The crackdown against the opponents of Turkish President Tayyip Erdogan picked up speed this weekend as thousands of private schools, charities, and other organizations were ordered shut. The government claims that they are all part of a network of supporters of exiled scholar Fethullah Gulen.
The tally of closures includes:
The first decree signed by Erdogan authorizes the closure of 1,043 private schools, 1,229 charities and foundations, 19 trade unions, 15 universities and 35 medical institutions over suspected links to the Gulen movement, the Anadolu agency said.
Parliament must still approve the decree but requires only a simply majority, which the government has.
The closing of private hospitals with patients in them didn’t faze Erdogan at all. The patients are being transferred to state-run healthcare facilities.
The Turkish government is losing patience with the rest of the world who are skeptical of Erdogan’s motives:
A top Turkish official also accused some European countries of downplaying the grave danger posed by the failed insurrection, an apparent response to Western concerns about possible human rights violations in the government’s crackdown.
“Some European colleagues think this is a Pokemon game, this coup attempt,” said Omer Celik Turkey’s minister for EU affairs. “Come here and see how serious this is. This is not something we play in a virtual game. This is happening in real time in Turkey.”
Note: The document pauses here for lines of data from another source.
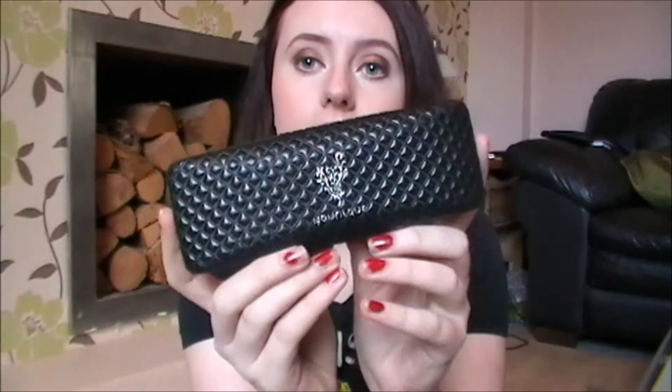So for this video I'm going to do a review and first impressions on the Unique 3D Fiber Lash. This has been talked about on so many people's YouTubes, it's quite a new product and a lot of people are just wanting to try it to see if it really works, so that's what this video is.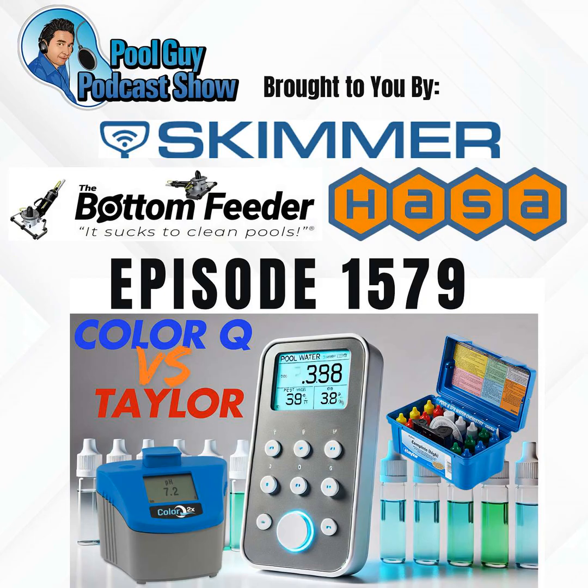If you're looking for other podcasts I've recorded, find them at swimmingprolearning.com — click the podcast icon for a drop-down menu of over 1,500 podcasts. For the coaching program, visit poolguycoaching.com. Thanks for listening — have a great day and God bless. This episode is brought to you by HASA, the Bottom Feeder battery-powered vacuum system — portable, powerful, and only 12 pounds — and Skimmer, America's number one pool service software. Try Skimmer free at getskimmer.com/poolguy.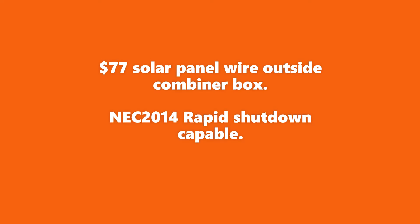Hello, I want to show how I made a $77 PV combiner box. These parts in theory could handle a lot more power, but I'm only going to have 1000 watts running through it.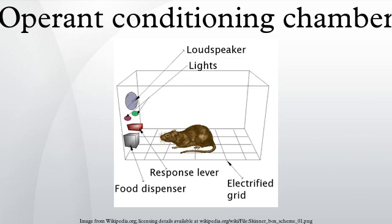An operant conditioning chamber permits experimenters to study behavior conditioning by teaching a subject animal to perform certain actions in response to specific stimuli, such as a light or sound signal. When the subject correctly performs the behavior, the chamber mechanism delivers food or another reward. In some cases, the mechanism delivers a punishment for incorrect or missing responses.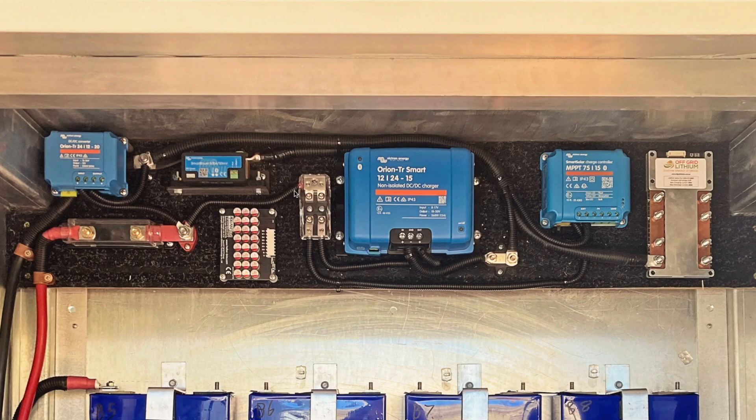Let's have a rundown of what all these little blue boxes do. We're running a 24-volt battery system, and this first blue box is a 24 to 12-volt reducer. It's good for 12 volts, can handle 20 amps and about 200 watts. We're running a few small things off that — like some 12-volt LED lights and eventually a 12-volt water pump.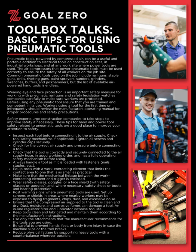Post warning signs where pneumatic tools are used. Set up screens or shields in areas where nearby workers may be exposed to flying fragments, chips, dust, and excessive noise. Ensure that the compressed air supplied to the tool is clean and dry. Dust, moisture, and corrosive fumes can damage a tool.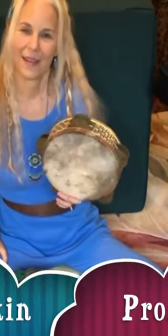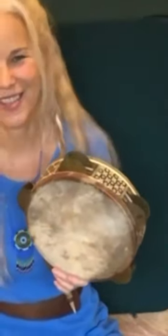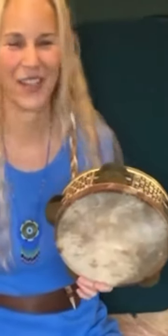Goat skin — the pros and cons. Well, it makes for more of a traditional drum. They didn't have mylar hundreds of years ago, and thousands of years ago when this drum was first being played.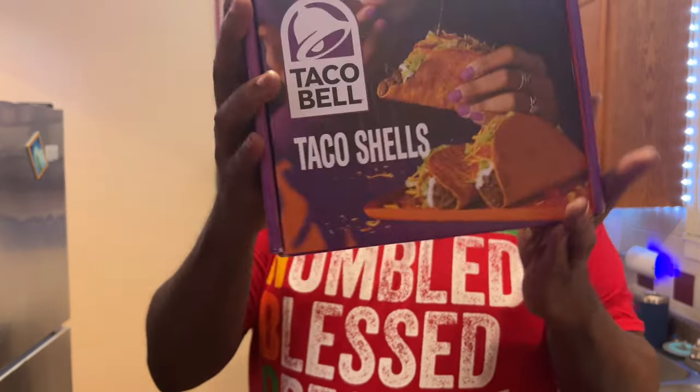Welcome to another edition of Uncommon Sense. Today we're getting ready to do some uncommon eats. Influencer sent me a Voxbox and I'm partnering with Influencer and Taco Bell — we're getting ready to get into that thing. I did receive these products free as a part of a non-biased review. So we're going to do a little meal prep and I'm going to let you know what I think about how this is going to work.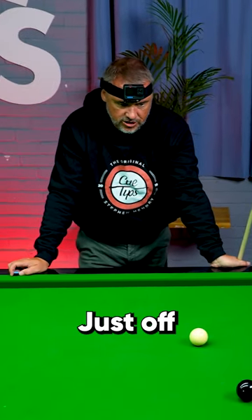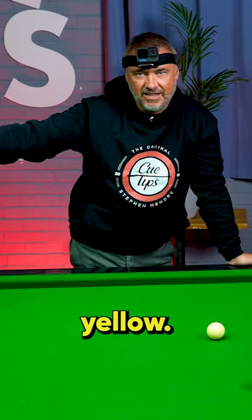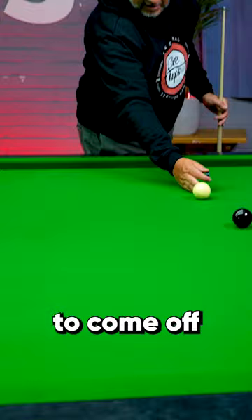I've got a shot here just off straight with the black, but I need to get the cue ball up towards the yellow if I'm going to clear the table. I need positioning on the yellow, so I'm playing with extreme left-hand side to come off this cushion, so the cue ball is going to go shooting up the table.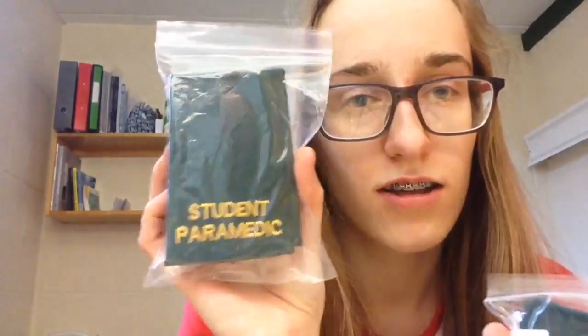I thought I'd order it all at once to save on postage. The main thing is this stethoscope — I've been wanting it for so long, so I'll open it last. First though, how exciting are these student paramedic epaulette slides! I've got two sets. I looked on eBay and they were like 10 to 15 pounds each, so I got two sets for 10. I got two sets because I'm buying a shell jacket which has epaulette holders on it.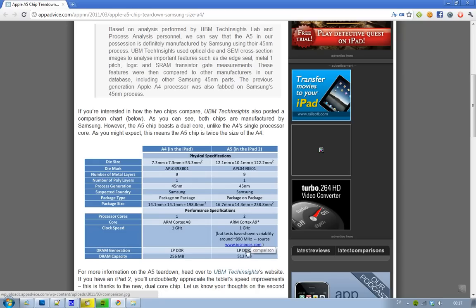We also have some interesting data on DRAM capacity. In the A4, it says it could only take 256 MB — that's because they're talking about the iPad. In the iPhone 4, the DRAM capacity is 512 MB, since the iPhone 4 has 512 MB of RAM, while the iPad 1 only had 256 MB.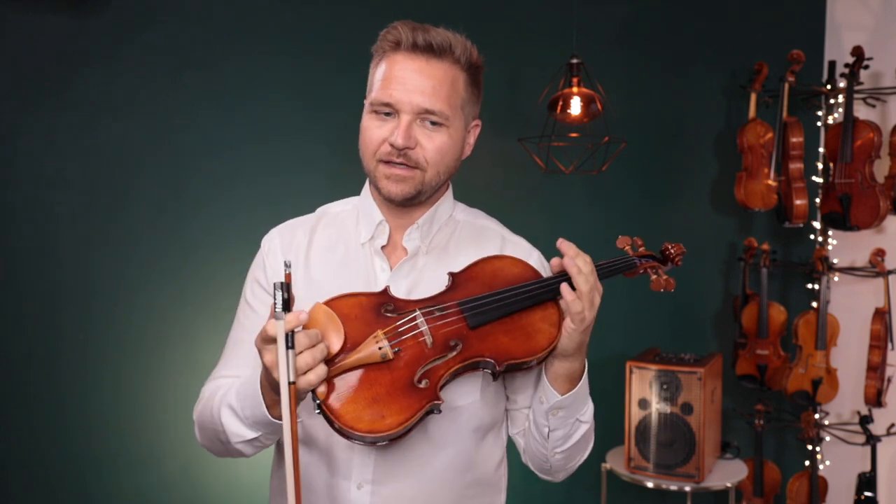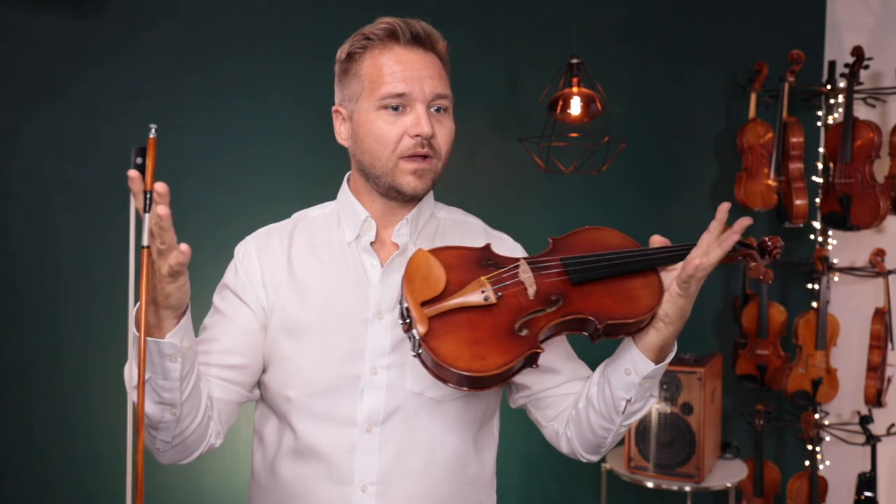Alright. Some nice sounding violins there. A little bit of a close call between the workshop Kanone for me and the 909. I thought the workshop Kanone was just a little clearer, maybe a little more well balanced. Didn't quite have that warmth and oomph in the lower register, like the G-string specifically, that the 909 has.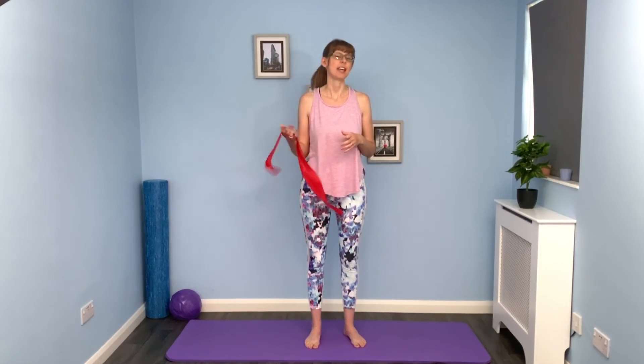Once you've practiced with the band or with your hands and you've got the hang of it, you could work this into every day - maybe a couple of times a day - just stopping, doing a couple of deeper breaths, trying to get the air down into the base of the lungs, and then carrying on with your day. Any questions, pop them below. It's a great exercise to get your awareness of your breathing. I'll see you tomorrow for another class.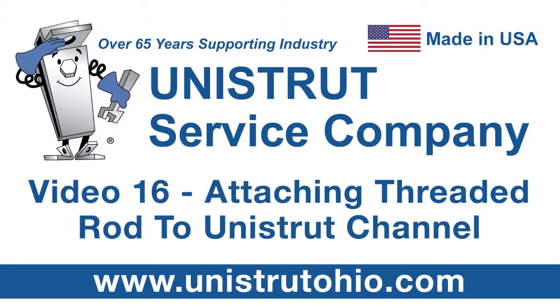Hi, I'm Matt Freilich, Project Engineer with Unistrut Service Company. Today I'm going to show you a few of the easiest ways to install threaded rod to Unistrut channel.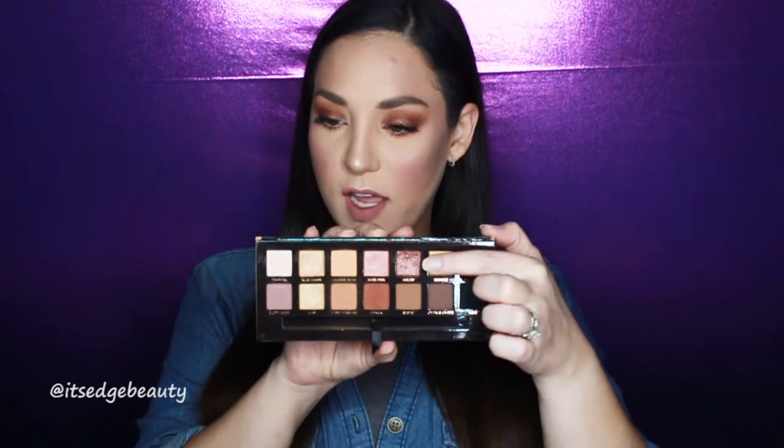Today I'm playing around with the soft glam palette again. I have some errands to run, so I thought I would do my makeup. I was really inspired by this color called Sultry in the soft glam palette — I was just looking through my palettes trying to figure out what I was gonna do for the day and it was just calling my name. I haven't done a bronzy, taupey, purpley type of look in a hot minute.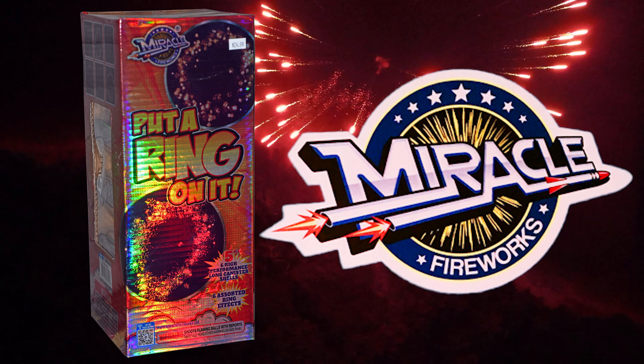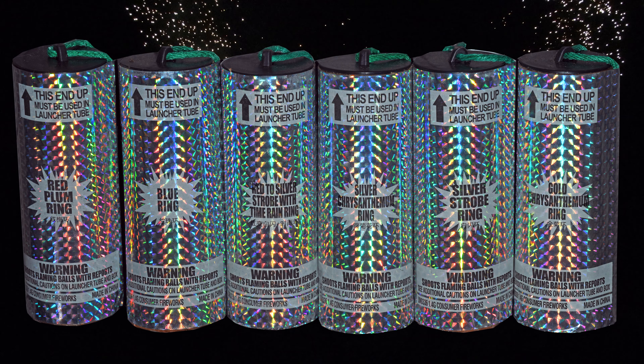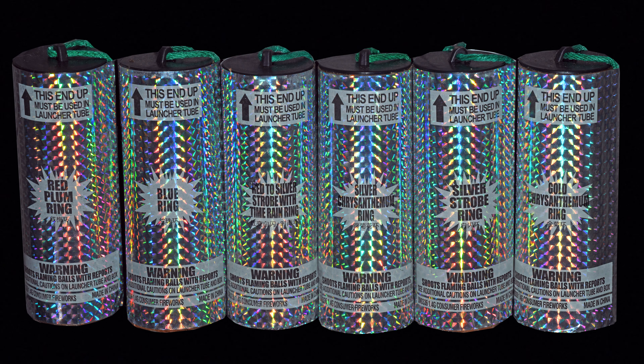Flipped a Ring On It by Miracle Fireworks. These 60 gram canister shells come in a pack of six, and each has a different effect. All of the effects are ring effects. However, the ring has to be facing you in order to see it properly.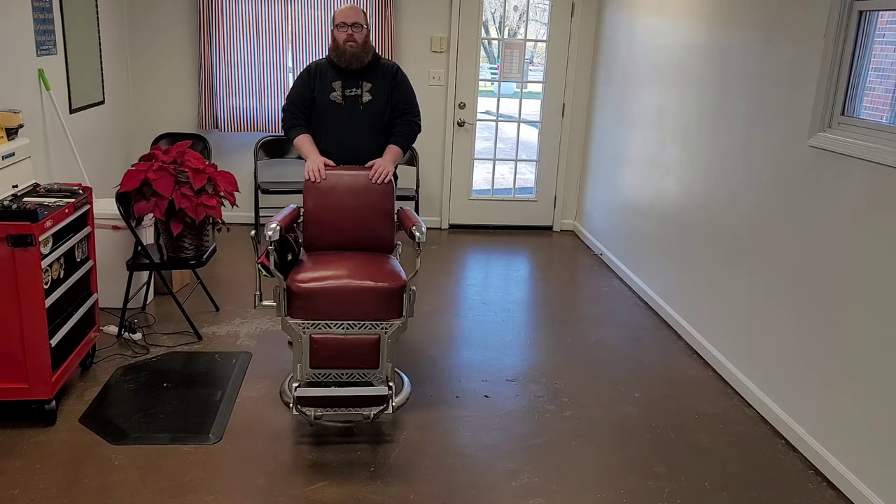It's something not a lot of people are taught, and it could save you from slipping and falling, getting thrown out of the chair, damaging the barber's equipment, or any other number of things.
President Recep Tayyip Erdogan also sharply criticized concerns that the large-scale purges, which have left at least 10,000 people in jail and about 50,000 fired or suspended, could jeopardize basic freedoms. Erdogan told France 24 on Saturday that Turkey has no choice but to impose stringent security measures, after the attempted coup that killed about 290 people and was put down by loyalist forces and protesters.
“We are duty-bound to take these measures. Our Western friends fail to see it that way. I cannot understand why,” Erdogan said. “I’m under the impression that they will only see that once all the political leaders of Turkey are killed, and then they’ll start to dance for joy.”
Does anyone believe that 60,000 people were involved in the coup? If true, Turkey would have the most incompetent internal security apparatus in the world.
Those in jail, or fired, or suspended are guilty of opposing the country’s president, not of trying to overthrow the democratic order. For Erdogan to claim opposition to him is the same as opposing democracy is absurd.
Erdogan will meet with fired members of his military council this week, probably to outline his “reforms.” I wonder if they will include all members of the armed forces taking an oath of allegiance to him personally.